WTF, how can you just blanket label social networking this way. If your going to go this route then lets talk.

On the bases of what your saying you better check the phone bill for any unusual calls. Put a black box GPS recorder in the cars to track its location. Hey get the UV light to check for sperm in the underwear!

In the end cheating is cheating, you don't need social networks for that. Is it an enabler absolutely, but so is going to any bar! Hell walking downtown Toronto is an enabler with all the tail walking around.

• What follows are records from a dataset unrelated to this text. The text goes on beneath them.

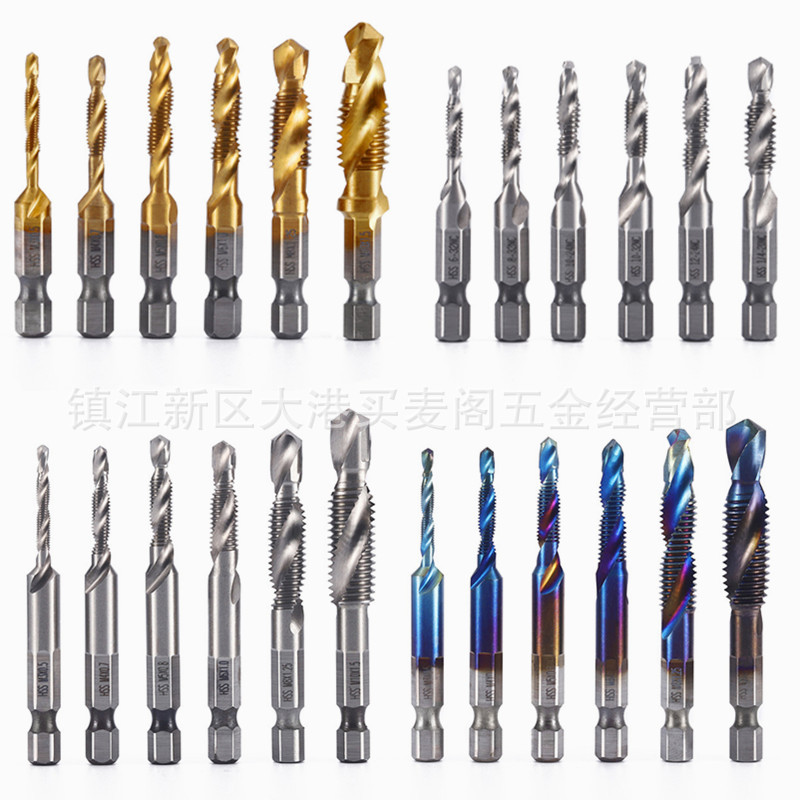 High-speed steel hexagonal handle drill, chamfering integrated composite tap drill bit, three-in-one screw machine tap M3-M10 details Picture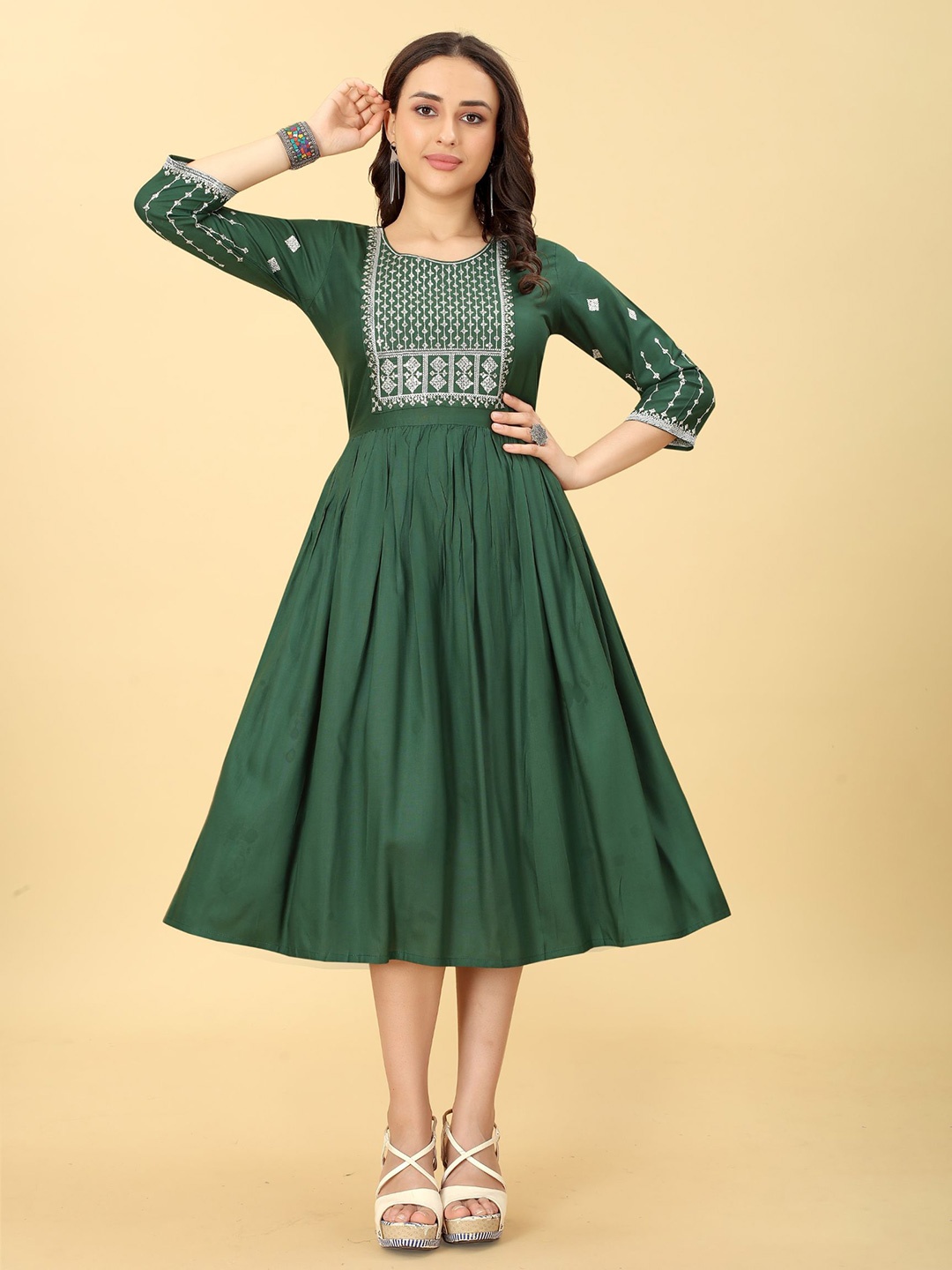 

Ijya Sequined Detail Fit & Flare Ethnic Midi Dress, Green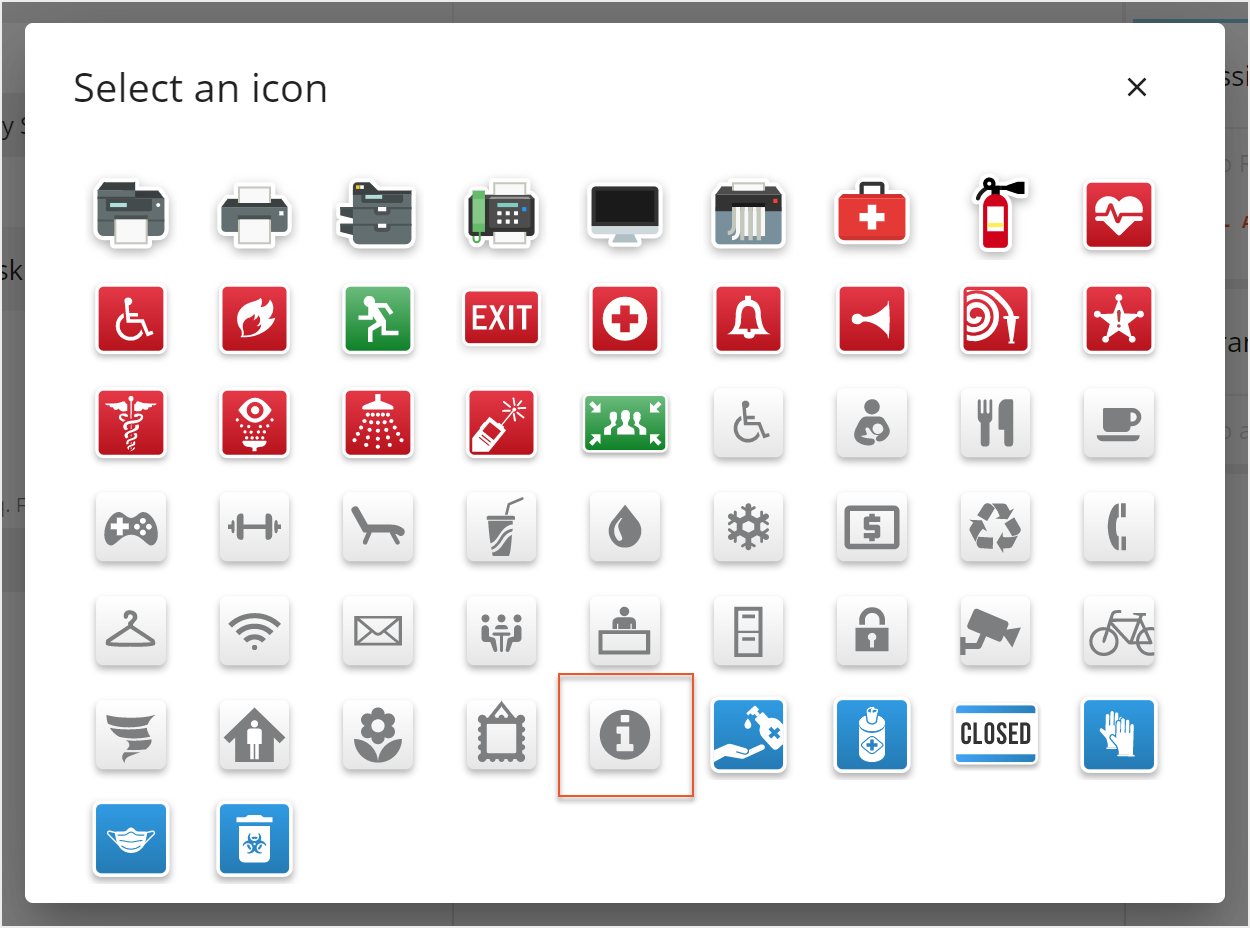 Select icon screen with kiosk icon indicated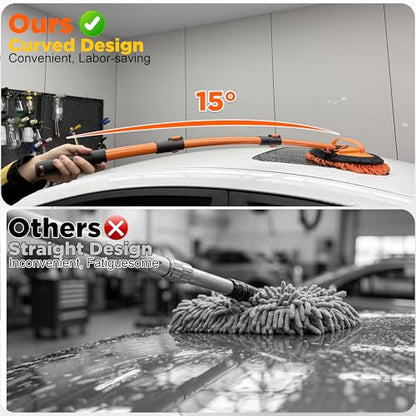 Tool Daily Short Pressure Washer Gun with Foam Cannon, 15° Curved Car Wash Brush with Long Handle, 5 Nozzle Tips, 1/4” Quick Connect - style: Foam Gun with Brush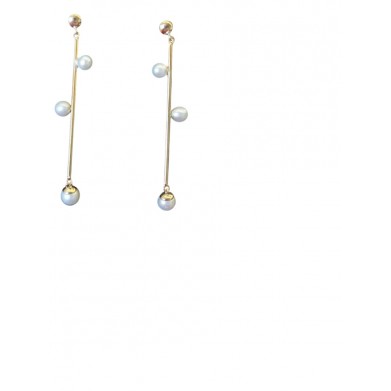 PENDIENTES ORO LARGOS CON PERLAS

Therefore I am forced to reject your post as simply fear mongering of social networks, that any stable, trust worthy based relationship can simply ignore.

chick in heels said...

Listen mister Freddie-pie ;o)

You walk in the store, most people buy - window shopping is for those with strong resistance and self control... If you are blessed enough to find yourself in a trustworthy relationship these days you are of the minority - but hey, that's a great minority to be in!!!!! Ask around,only 5% of couples are truly happy - probably less. I'd say most folks who need to branch out their friendships back to highschool and beyond are missing something in the here and now. Tell me a 'friend request' by a hot chick wouldn't raise an eyebrow of most guys you know... there's the opening - suddenly it's not just a girl walking down the street - it's personal - and personal means potential. Why do almost all of those sites post your relationship status???

Note, I didn't say ALL I said MOST. It is not fear mongering it is reality - most people would cheat if they thought they could get away with it, check the stats - (note: I did not say all) - social networking is a venue - in your words "an enabler" that's all I'm sayin.....

The rest of this banter requires a bottle of vino (or two...)

Cheers mate! Thanks for reading ;o)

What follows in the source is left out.